Visit NOTES.txt to get instructions:
$ helm get notes bootiful-batch
export SERVICE_PORT=$(kubectl get --namespace default -o jsonpath="{.spec.ports[0].port}" services bootiful-batch-spring-cloud-dataflow-server)
kubectl port-forward --namespace default svc/bootiful-batch-spring-cloud-dataflow-server ${SERVICE_PORT}:${SERVICE_PORT} &
echo "http://127.0.0.1:${SERVICE_PORT}/dashboard"
Whereas the last command shows the URI that you'll plug into a browser tab.
export SERVICE_PORT=$(kubectl get --namespace default -o jsonpath="{.spec.ports[0].port}" services bootiful-batch-mariadb)
kubectl port-forward --namespace default svc/scd-mariadb ${SERVICE_PORT}:${SERVICE_PORT}
echo "jdbc:mysql://127.0.0.1:${SERVICE_PORT}/orders"
At this time, we can take the output of the last command and set spring.datasource.url
property with.
You'll need to have a docker container created, and send it to SCDF-K8S.

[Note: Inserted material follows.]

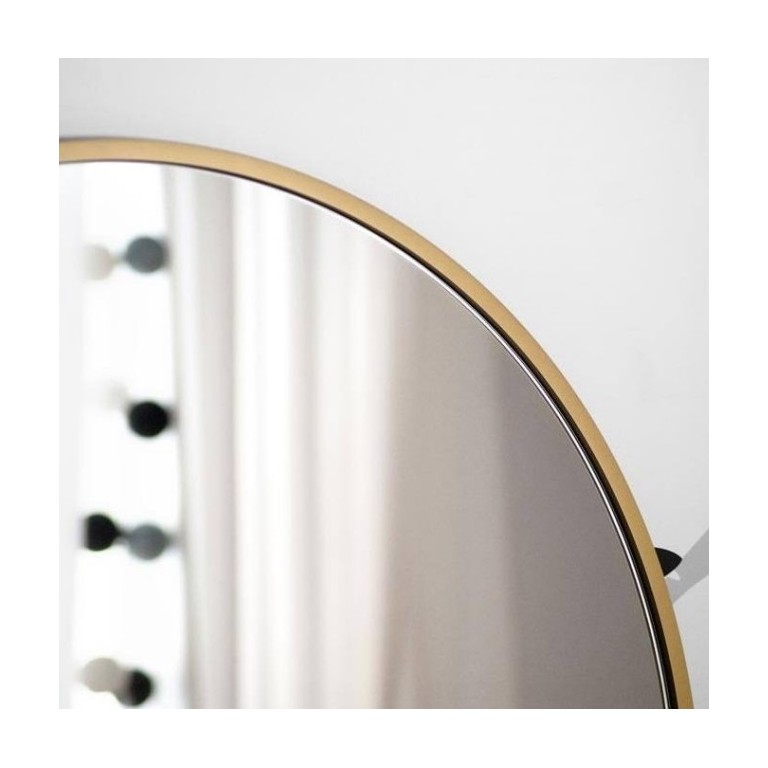 Espejo Arco Minimalista Marco Color Dorado
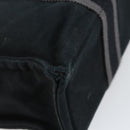 HERMES Fourre Tout PM Hand Bag Canvas Black Silver Auth 147194-13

eval $(minikube -p minikube docker-env)
You must upload to dockerhub.io repository:
docker tag my_task:version repository/image
docker push repository/image
Use this as the environment parameters when kicking off a new job:
--spring.profiles.active=mysql
deployer.batch-job-f.kubernetes.environmentVariables=FEMA_FILE_LOCATION=https://raw.githubusercontent.com/joshlong/fema-disaster-batch-job/master/data/fema.csv
Rather than forcing the job to use mariadb, we should find a way to separate our job's DB connection from the connection made to facilitate dataflow operations.